Correspondence No. 4: "The Stationary Journey," a poem by Edwin Muir // "The Student," a short story by Anton Chekhov
Muir can embark on his oxymoronic “stationary journey”* because it’s entirely mental in nature: the poet sits back somewhere, possibly in a comfy chair at home (“here at my earthly station set”), and imagines the long run of history, first going backward, then mixing the chronology of events. He wonders: if he could “retrace the path that led me here, / Could I find a different way?”
And time moves backwards. Gray hairs turn black, a dead Charlemagne moves his hand, Jesus follows St. Augustine rather than the reverse, and we arrive in ancient Egypt (“…for a while among the sand / Unchanged the changing Pharaohs sit”). Beyond this we see nothing but “waste and rocks” – the world before civilization – and “on the thinning Asian plains / A few wild shepherds with their flocks…” The ellipsis is in the original, so you can continue tracing the thought as far back as you like – from those prehistoric shepherds muttering in some early form of Indo-European or Proto-Altaic, all the way to Neanderthals, dinosaurs, or the Big Bang.
But, whether going back or forward, we are still trapped in time (“Eternity’s the fatal flaw / Through which run out world, life and soul”). The poet seeks a solution in “the mind’s eternity,” where he can “see the dead world grow green within / Imagination’s one long day.”
Chekhov separates the narrator from himself – his protagonist is Ivan Velikopolsky, a divinity student – and puts him out in the world, somewhere in rural Russia. He is on the way home, walking through a windy, twilit landscape. The cold, dampness and wind inspire grand, melancholy thoughts: “he was thinking that exactly this wind was blowing also in the time of Rurik, and of Ioann the Terrible,** and of Peter [the Great], and that in their times there was the same dire poverty, hunger, the same leaky thatched roofs, ignorance, despair, the same wasteland all around, gloom, a sense of oppression – all these horrors had been, were now and would yet be.”
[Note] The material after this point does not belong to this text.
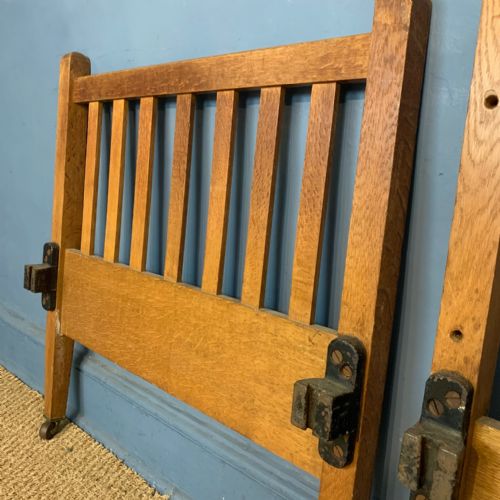 A HEALS OAK LETCHWORTH SINGLE OR CHILD'S BED CIRCA 1920 - ADDITIONAL PHOTO 2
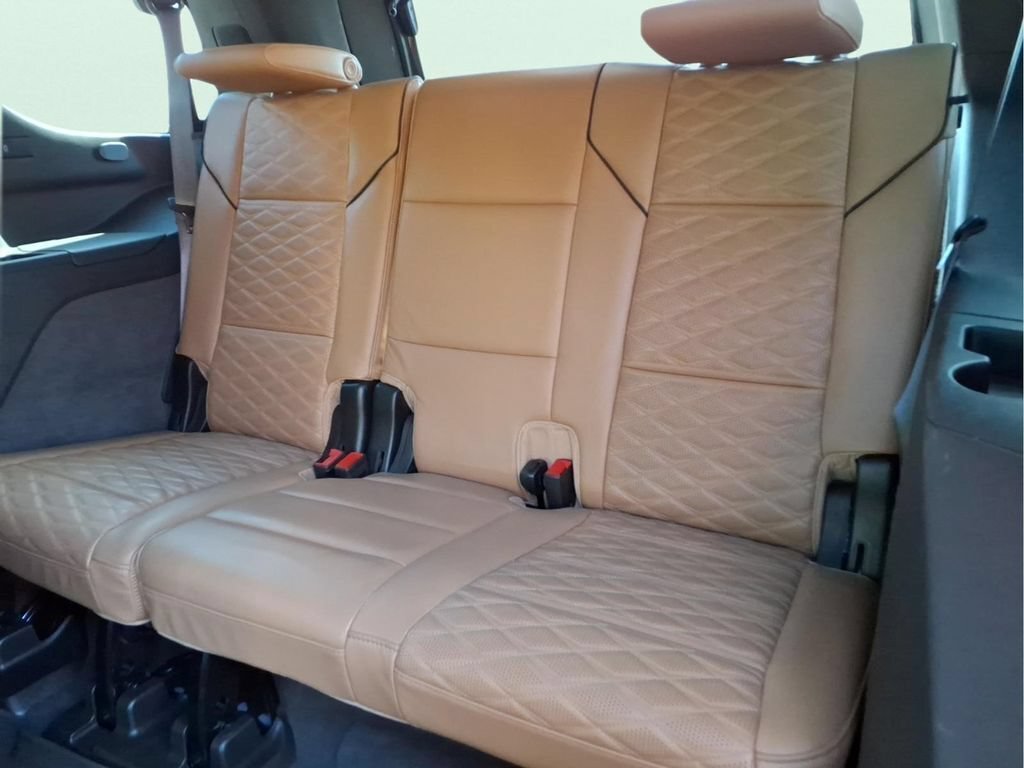 Used 2021 Cadillac Escalade Premium Luxury AWD/4WD image 17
In contrast to Muir, who runs through a series of historical events in a kind of slideshow of the mind, Chekhov focuses on one specific story, Peter’s denial of Christ. The student recounts this story to two women, a mother and a daughter, who thus embody the flow of time by their generational difference. His telling of the story brings forth an emotional reaction from the mother. “The student thought again that if Vasilisa wept and her daughter was disturbed, then obviously what he had just told them, something that had happened nineteen centuries ago, had a relation to the present.”
This leads to the story’s nodal point – in Joycean terms, the epiphany: “‘The past,’ he thought, ‘is connected to the present by an unbroken chain of events flowing from one to the other.’ And it seemed to him that he had just seen both ends of that chain: he touched one end, and the other moved.”
In both poem and story the main action is mental – it’s all about seeing patterns in history, the past in the present, the flow of time. Chekhov’s student is more of an active participant, out in the world and talking to people, yet acting also as a thinker, receptive to the flow of time and its meaning.
Both works give us a feeling of being trapped in time, but differ in the attitude they present. Muir finds an escape from time in “the mind’s eternity,” while Chekhov’s student finds comfort in the continuity of tradition. Associated with this is a sense of discovering something greater than yourself. In his own autobiography Muir said: “It is clear that no autobiography can begin with a man’s birth, that we extend far beyond any boundary line which we can set for ourselves in the past or the future, and that the life of every man is an endlessly repeated performance of the life of man.”
*You can find the text of the poem in this collection.
**Chekhov uses the Old Slavonic version of the name of the Tsar Ivan IV, probably to impart a religious tone. His epithet “the Terrible” reflects the archaic meaning of the word: “inspiring dread and awe.”